Alors, à l’heure de faire les comptes, impossible de minimiser l’impact qu’a eu le tapialense sur le renouveau du football péruvien. Venu sur la pointe des pieds après un échec brésilien, Gareca a su trouver l’équilibre parfait entre la continuité du travail effectué par ses prédécesseurs et sa propre formule. Un travail titanesque qui lui permet aujourd’hui d’être l’entraîneur avec la plus grande longévité sur un banc sud-américain (et ce depuis le départ du maestro Óscar Tabárez), mais également d’être le coach ayant dirigé le plus de match à la tête de la Blanquirroja.

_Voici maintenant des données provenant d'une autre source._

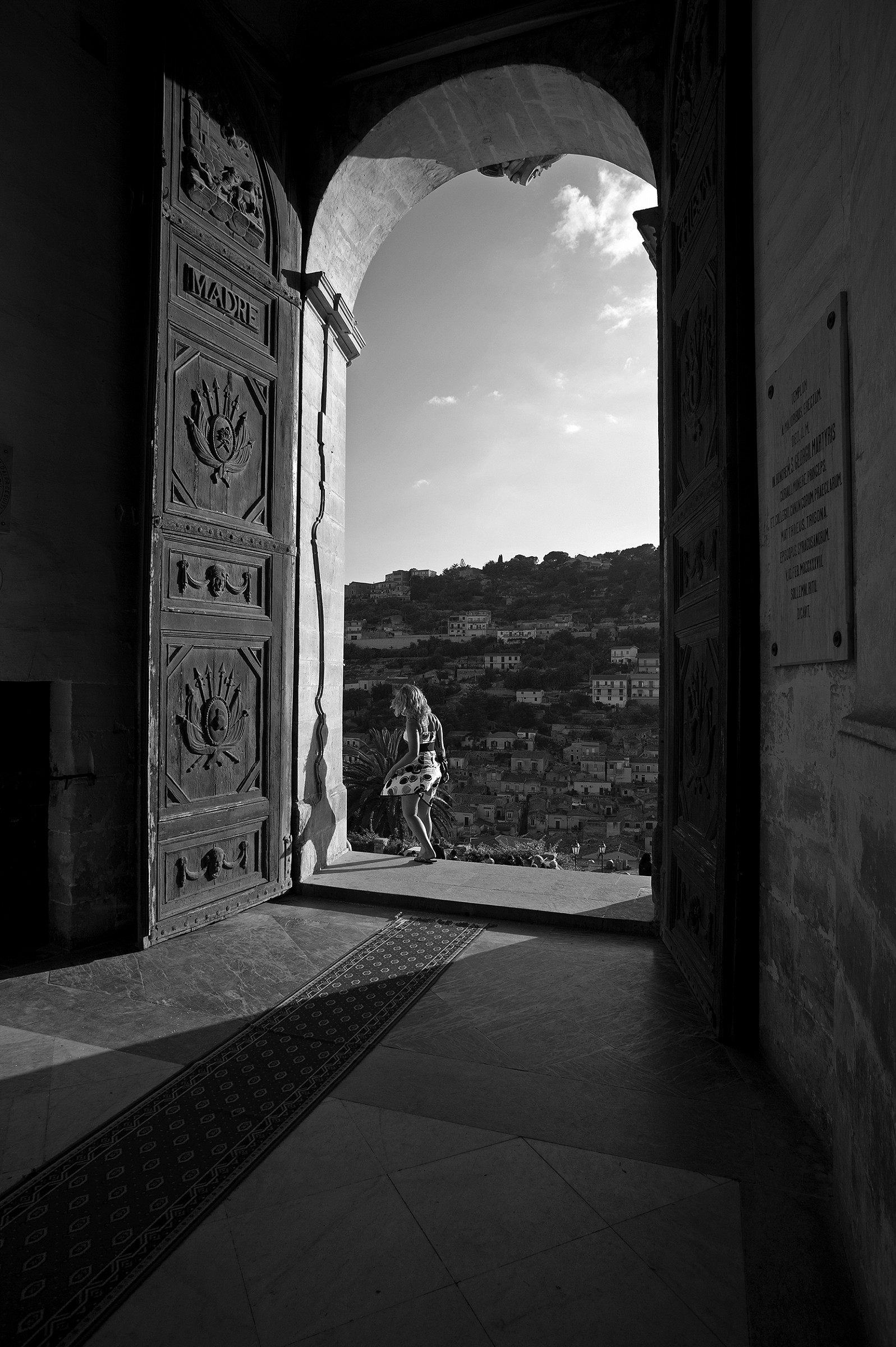 All'uscita dalla chiesa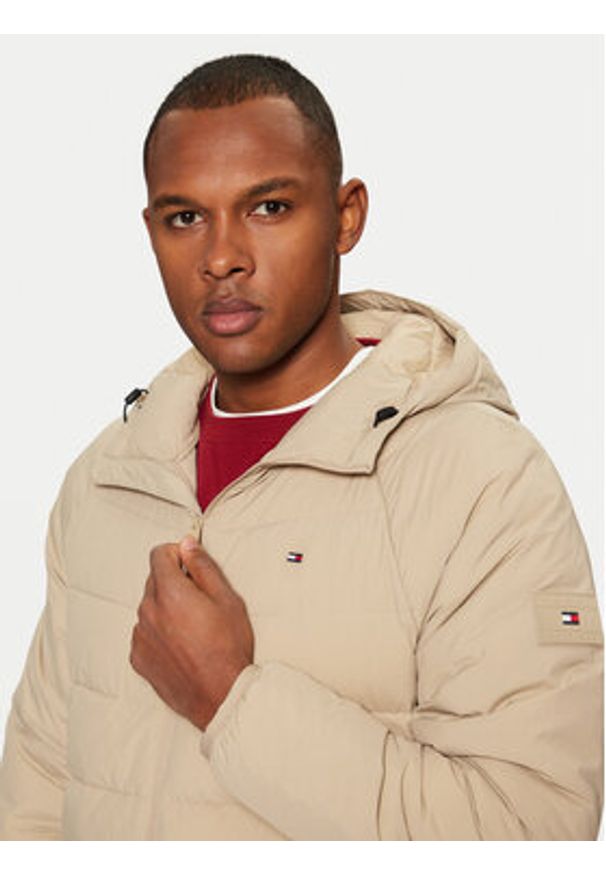TOMMY HILFIGER - Tommy Hilfiger Kurtka zimowa MW0MW37641 Beżowy Regular Fit. Kolor: beżowy. Materiał: syntetyk. Sezon: zima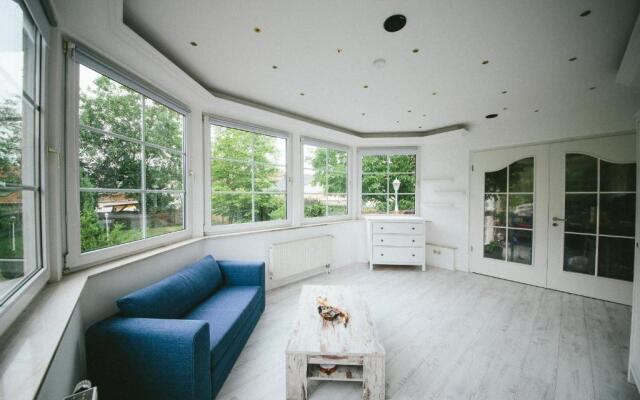 Whirlpool, Fußbodenheizung, Nintendo NES, Netflix, Wintergarten & Workspace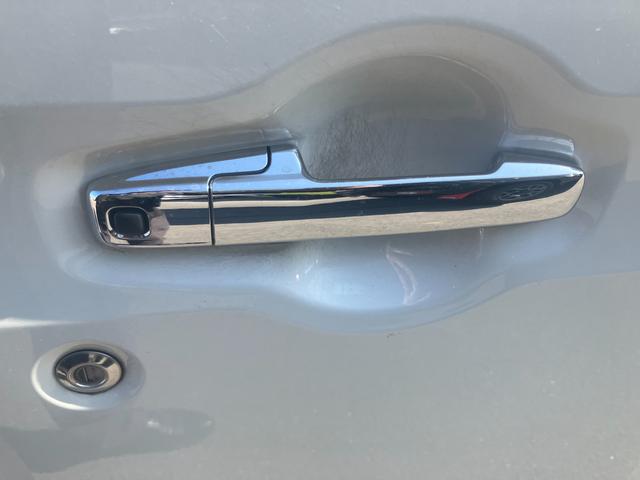 スペーシア カスタム　ＨＹＢＲＩＤ　ＸＳターボ２型　全方位モニター付ナビ　デュアルカメラブレーキ｜ＬＥＤヘッドランプ｜後席両側ワンアクションパワースライド｜１５インチアルミホイール｜本革巻きステアリングホイール｜パドルシフト｜スリムサーキュレーター｜パーソナルテーブル｜（32枚目）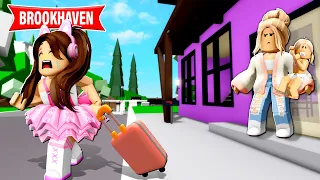 MINHA MÃE TEVE BEBÊ E EU FUGI DE CASA | Historinhas Brookhaven RP🏡 | Roblox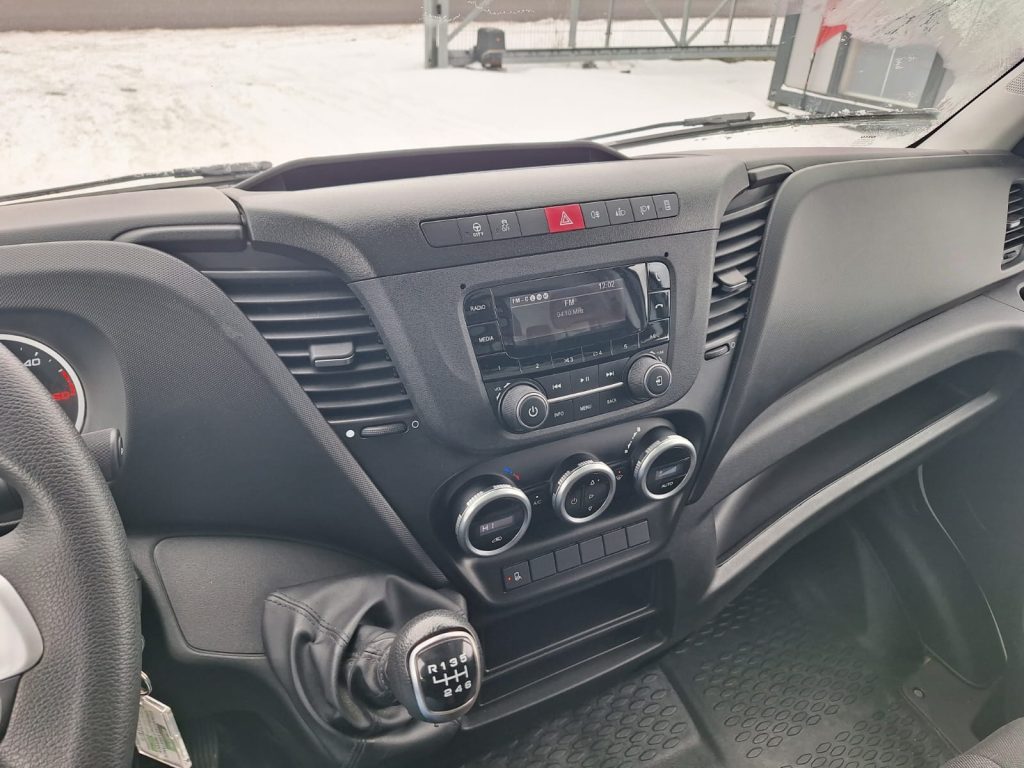 ZCFCE35B90D737631 (11)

Âgé de 64 ans, aujourd’hui, Gareca a peut-être également des envies d’ailleurs. Déjà annoncé sur le départ après la Copa América de l’été dernier, les rumeurs allant dans ce sens se font de plus en plus insistantes. Si le Chili s’est positionné depuis quelques mois pour récupérer l’ancien Xeneize, c’est actuellement la Colombie qui tiendrait la corde et qui trouverait grâce aux yeux du Flaco. Mais pour l’heure, pas question pour l’Argentin de penser à ça. Dans moins de deux mois, lui et ses hommes ont l’occasion d’écrire l’histoire de la sélection à la bande rouge. Le rendez-vous est pris pour juin, afin de voir si les formules magiques du sorcier Gareca vont opérer.